6th President of CAN

Pastor
- Incumbent
- Assumed office 2016
- Vice President: Caleb Ahima
- Preceded by: Ayo Oritsejafor
- Succeeded by: Daniel Okoh

6th President of NBC

Personal details
- Born: Samson Olasupo Adeniyi Ayokunle 25 January 1957 (age 69) Oyo State, Nigeria
- Spouse: Deborah Ayokunle ​(m. 1987)​
- Children: 3
- Parent(s): Amos Ogunkunle Theresa Bibilari Ogunkunle
- Occupation: Pastor

= Supo Ayokunle =

Nigerian pastor and administrator (born 1957)

Samson Olasupo Adeniyi Ayokunle, CON (born 25 January 1957) commonly known as Supo Ayokunle is a Nigerian pastor and administrator. He was the 6th president of the Christian Association of Nigeria. He was also the 6th President of the Nigerian Baptist Convention.

He was born in Oyo State, Nigeria and married Deborah Ayokunle (née Adesipo). Until becoming a pastor, Ayokunle worked as a teacher and public administrator.

==Early life==
Olasupo Ayokunle was born into the family of Amos Ogunkunle and Theresa Bibilari Ogunkunle of Jagun Alawusa House, Isheke, Oyo Town in Oyo State.

==Education==

He attended Oniyanrin Baptist Central Day School, Iware Road, Oyo State, graduated in 1971, earning his West African School Leaving Certificate Ordinary Level in 1977. He received his Bachelor of Science in Sociology from the University of Ibadan in 1983. He enrolled for a Post Graduate Diploma in Education in 1986. Ayokunle holds master's of divinity degree in Theology in 1992 at the Nigerian Baptist Theological Seminary, Ogbomoso, master's degree in Guidance and Counselling from University of Ibadan, Master's degree in Theology and Religious studies, Liverpool Hope University, Liverpool in 2000 and 2003 respectively and Doctor of Philosophy (Ph.D) degree in Theology in 2008.

==Nigerian Baptist Convention==
Ayokunle was elected the 6th Nigerian General Secretary (now President/CEO) of the Nigerian Baptist Convention.

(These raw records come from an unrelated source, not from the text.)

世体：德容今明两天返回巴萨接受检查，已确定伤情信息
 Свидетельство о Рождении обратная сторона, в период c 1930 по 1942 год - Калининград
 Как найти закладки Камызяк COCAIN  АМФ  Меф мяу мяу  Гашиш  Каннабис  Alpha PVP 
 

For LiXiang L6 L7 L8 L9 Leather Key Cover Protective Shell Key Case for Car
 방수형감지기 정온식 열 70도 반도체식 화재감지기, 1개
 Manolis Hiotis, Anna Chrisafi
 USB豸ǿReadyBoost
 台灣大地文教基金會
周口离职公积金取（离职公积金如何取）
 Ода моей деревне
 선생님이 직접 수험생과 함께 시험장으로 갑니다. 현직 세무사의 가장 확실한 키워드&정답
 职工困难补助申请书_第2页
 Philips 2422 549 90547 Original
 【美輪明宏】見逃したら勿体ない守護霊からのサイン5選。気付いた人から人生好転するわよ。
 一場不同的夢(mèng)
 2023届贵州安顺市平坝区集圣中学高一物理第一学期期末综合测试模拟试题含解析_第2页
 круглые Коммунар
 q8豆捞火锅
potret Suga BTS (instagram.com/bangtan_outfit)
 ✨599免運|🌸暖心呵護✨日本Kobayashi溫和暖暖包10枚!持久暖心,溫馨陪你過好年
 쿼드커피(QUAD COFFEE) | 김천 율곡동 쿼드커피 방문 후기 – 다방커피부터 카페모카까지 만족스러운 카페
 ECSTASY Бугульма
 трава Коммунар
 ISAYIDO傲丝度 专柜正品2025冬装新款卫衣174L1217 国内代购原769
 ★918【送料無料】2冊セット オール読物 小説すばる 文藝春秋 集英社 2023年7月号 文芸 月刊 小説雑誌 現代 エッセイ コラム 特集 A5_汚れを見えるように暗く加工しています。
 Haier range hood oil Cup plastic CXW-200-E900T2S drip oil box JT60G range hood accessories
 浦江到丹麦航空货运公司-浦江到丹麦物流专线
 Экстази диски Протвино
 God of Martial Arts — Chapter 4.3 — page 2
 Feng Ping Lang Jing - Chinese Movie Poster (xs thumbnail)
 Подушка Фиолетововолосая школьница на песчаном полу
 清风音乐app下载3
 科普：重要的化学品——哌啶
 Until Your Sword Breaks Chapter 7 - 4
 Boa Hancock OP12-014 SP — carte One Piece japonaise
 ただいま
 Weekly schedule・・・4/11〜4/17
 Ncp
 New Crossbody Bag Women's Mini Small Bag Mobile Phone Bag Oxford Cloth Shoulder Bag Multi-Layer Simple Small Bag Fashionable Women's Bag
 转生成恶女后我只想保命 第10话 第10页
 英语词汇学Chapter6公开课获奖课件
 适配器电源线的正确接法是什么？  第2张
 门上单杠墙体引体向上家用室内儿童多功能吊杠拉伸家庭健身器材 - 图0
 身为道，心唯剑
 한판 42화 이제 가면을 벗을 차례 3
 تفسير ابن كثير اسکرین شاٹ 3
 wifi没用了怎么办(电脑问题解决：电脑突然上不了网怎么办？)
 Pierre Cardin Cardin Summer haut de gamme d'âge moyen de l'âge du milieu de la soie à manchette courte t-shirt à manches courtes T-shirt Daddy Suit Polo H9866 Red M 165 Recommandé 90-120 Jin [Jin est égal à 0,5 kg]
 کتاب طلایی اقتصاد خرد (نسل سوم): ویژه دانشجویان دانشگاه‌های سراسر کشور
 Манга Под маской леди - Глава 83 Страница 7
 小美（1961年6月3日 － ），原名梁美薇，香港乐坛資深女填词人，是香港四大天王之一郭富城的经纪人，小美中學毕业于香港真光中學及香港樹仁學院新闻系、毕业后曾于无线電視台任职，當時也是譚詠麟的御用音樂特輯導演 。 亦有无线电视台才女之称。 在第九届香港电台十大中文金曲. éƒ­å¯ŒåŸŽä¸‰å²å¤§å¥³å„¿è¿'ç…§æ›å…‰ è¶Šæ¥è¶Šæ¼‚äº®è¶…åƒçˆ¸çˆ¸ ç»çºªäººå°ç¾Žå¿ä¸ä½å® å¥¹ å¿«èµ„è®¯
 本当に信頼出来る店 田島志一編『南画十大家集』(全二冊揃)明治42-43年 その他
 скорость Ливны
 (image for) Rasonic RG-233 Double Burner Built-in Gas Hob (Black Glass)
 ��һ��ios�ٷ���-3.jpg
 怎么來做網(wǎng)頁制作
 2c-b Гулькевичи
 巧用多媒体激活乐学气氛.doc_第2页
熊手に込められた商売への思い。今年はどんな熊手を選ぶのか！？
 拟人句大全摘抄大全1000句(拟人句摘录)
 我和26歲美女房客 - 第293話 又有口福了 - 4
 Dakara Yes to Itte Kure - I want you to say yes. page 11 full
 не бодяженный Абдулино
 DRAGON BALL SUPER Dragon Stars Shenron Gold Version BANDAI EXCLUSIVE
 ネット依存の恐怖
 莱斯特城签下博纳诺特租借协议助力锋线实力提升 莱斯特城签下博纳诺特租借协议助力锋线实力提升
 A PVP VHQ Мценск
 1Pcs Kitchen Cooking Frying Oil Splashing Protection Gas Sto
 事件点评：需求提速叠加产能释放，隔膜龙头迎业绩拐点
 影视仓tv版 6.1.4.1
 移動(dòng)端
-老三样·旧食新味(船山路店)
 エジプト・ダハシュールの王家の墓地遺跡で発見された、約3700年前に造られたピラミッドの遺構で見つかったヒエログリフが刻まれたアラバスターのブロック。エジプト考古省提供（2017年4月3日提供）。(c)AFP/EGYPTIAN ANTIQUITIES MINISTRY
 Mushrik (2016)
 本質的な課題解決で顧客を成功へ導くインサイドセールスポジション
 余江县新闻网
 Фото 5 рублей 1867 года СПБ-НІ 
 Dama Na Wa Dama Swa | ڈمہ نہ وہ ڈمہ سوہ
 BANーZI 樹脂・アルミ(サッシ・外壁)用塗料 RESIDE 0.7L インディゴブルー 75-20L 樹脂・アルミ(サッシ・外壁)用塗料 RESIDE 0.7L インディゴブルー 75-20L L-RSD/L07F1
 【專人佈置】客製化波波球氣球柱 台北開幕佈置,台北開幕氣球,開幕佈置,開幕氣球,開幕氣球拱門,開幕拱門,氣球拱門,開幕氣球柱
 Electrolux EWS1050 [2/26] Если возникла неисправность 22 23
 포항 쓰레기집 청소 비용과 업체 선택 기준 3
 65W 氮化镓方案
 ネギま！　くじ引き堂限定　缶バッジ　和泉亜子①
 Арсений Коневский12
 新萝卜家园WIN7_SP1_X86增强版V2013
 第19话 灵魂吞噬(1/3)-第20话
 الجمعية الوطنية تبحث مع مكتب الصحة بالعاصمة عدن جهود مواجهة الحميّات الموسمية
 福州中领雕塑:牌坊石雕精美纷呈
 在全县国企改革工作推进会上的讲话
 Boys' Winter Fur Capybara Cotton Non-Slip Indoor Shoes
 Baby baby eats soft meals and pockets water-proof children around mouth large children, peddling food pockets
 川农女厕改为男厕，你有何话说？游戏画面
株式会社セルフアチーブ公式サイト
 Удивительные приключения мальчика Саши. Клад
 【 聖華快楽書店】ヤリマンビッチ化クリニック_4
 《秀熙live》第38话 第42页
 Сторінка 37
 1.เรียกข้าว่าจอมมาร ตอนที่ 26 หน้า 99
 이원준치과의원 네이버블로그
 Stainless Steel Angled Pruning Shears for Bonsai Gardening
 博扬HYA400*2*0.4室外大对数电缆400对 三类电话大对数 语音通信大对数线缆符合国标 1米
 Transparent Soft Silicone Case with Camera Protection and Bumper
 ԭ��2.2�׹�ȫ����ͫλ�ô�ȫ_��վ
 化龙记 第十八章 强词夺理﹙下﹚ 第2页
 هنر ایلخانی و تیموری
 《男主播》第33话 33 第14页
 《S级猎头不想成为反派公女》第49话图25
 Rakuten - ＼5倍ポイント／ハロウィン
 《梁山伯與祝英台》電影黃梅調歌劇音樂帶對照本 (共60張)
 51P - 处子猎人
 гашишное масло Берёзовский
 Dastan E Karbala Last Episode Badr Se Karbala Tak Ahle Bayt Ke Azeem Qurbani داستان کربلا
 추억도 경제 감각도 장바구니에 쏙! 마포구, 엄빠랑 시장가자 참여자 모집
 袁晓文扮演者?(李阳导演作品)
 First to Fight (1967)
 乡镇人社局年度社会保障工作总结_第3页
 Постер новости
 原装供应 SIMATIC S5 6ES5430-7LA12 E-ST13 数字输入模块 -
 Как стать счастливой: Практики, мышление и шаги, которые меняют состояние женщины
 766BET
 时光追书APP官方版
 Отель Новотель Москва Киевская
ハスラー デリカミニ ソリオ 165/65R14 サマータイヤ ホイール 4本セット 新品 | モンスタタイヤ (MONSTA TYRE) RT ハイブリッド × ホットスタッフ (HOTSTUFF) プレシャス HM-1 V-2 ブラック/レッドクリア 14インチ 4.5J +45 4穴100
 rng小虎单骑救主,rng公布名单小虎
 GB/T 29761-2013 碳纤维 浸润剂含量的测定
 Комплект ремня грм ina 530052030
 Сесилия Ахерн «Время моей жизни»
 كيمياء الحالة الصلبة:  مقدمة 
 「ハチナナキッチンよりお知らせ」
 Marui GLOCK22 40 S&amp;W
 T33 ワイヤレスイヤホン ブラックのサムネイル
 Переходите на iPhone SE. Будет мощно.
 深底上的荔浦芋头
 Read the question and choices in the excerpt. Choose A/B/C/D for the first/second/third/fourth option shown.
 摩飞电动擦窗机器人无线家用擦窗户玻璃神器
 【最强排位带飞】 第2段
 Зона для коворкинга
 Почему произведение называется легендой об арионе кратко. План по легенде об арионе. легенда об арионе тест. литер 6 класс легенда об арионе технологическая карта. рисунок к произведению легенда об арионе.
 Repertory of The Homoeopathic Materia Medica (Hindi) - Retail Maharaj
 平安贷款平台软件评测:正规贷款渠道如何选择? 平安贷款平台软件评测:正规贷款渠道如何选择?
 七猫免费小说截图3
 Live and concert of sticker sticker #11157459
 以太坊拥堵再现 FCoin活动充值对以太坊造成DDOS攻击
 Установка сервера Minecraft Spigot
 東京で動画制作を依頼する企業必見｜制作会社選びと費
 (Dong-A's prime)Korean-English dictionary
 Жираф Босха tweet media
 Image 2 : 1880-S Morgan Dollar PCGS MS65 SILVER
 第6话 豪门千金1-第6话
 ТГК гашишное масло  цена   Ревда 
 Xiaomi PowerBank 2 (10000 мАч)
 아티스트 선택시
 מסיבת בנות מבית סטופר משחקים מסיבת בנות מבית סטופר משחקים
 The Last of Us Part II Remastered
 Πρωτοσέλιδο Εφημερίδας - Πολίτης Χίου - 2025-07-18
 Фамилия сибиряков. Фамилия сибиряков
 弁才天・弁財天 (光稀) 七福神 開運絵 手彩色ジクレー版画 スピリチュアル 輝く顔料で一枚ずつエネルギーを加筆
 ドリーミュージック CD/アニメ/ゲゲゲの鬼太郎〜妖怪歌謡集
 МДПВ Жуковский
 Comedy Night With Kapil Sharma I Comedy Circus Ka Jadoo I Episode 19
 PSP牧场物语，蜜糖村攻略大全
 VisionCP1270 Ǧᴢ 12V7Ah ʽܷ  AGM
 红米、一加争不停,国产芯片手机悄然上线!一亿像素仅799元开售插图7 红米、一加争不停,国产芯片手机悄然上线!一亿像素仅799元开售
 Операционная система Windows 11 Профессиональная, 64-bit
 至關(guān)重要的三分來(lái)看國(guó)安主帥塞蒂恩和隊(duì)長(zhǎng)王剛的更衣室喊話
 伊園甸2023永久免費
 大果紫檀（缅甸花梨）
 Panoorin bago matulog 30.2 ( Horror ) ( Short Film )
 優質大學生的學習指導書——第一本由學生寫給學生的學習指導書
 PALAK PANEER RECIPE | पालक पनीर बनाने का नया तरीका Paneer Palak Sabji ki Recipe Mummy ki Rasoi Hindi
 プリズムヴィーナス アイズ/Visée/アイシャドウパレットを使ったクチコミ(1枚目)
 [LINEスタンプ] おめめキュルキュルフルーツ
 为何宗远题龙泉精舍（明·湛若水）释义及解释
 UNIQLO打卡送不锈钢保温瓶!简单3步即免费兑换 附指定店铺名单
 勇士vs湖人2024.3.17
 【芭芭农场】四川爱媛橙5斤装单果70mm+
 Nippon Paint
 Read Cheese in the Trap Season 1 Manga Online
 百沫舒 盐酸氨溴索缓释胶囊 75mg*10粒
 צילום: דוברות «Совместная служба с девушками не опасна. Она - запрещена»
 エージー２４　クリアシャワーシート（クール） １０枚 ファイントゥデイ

===Christian Association of Nigeria===
In 2016 he was made President of the Christian Association of Nigeria (CAN], the largest Christian ecumenical body in Africa, after Pastor Ayo Oritsejafor left office. He was re-elected in 2019 for another term.

==Publications==
===Books===
- Major Keys to a Successful Christian marriage and the Family. Day Star Press, 1997
- Weapons for Winning your Battles. Ibadan: Baptist Press, 1998
- Fighting to Win. Glad Tidings Publishers, Ibadan: Glad Tidings Publishers, 1999
- ‘The Role of the Preacher in Minimizing the use of Religion for Violence’ in Ecclesiastes: The Preacher, the Church and the Contemporary Society ed. by Ademola Ishola and Deji Ayegboyin. Ibadan: Baptist Press, 2006
- Effective Christian Leadership in the 21st Century, ed. Ibadan: Baptist Press, 2010
- Building a Witnessing Family. Lagos: Dunamis Windows Resource, 2012
- ‘The Minister’s Family: A Glorious Example’ in The Minister and his Family (A Resource Book for The Life Builders’ Conference, 2009
- Church Communication and Conflict Management for Strategic Church Leaders, 2014
- Integrity: Key to Success in Leadership, 2015

== Articles ==
Ayokunle has written several articles for the Nigerian Baptist Magazine, the monthly publication of the Nigerian Baptist Convention.

- ‘The Secret Life of a Vessel that Liberates’ in Kingdom Leaders: Vessels of Liberation. (A resource book for the Nigerian Baptist Convention’s General Workers’ Conference held at Bowen University, Iwo from 1-3 February 2010), pp. 1–14
- ‘The Minister and the Spiritual Mandate’ in The Minister and Spiritual Gifts. (Resource Book for the Ministers’ Conference, 2010, Baptist College of Theology, Oyo), pp. 25–31
- ‘Leadership Pitfalls: Preventing the Killer Diseases’ in Effective Christian Leadership in the 21st Century’ ed. by Rev. Dr. Supo Ayokunle. Ibadan: Baptist Press, 2010, pp. 37–50

== Award ==
In October 2022, a Nigerian national honour of Commander of the Order of the Niger (CON) was conferred on him by President Muhammadu Buhari.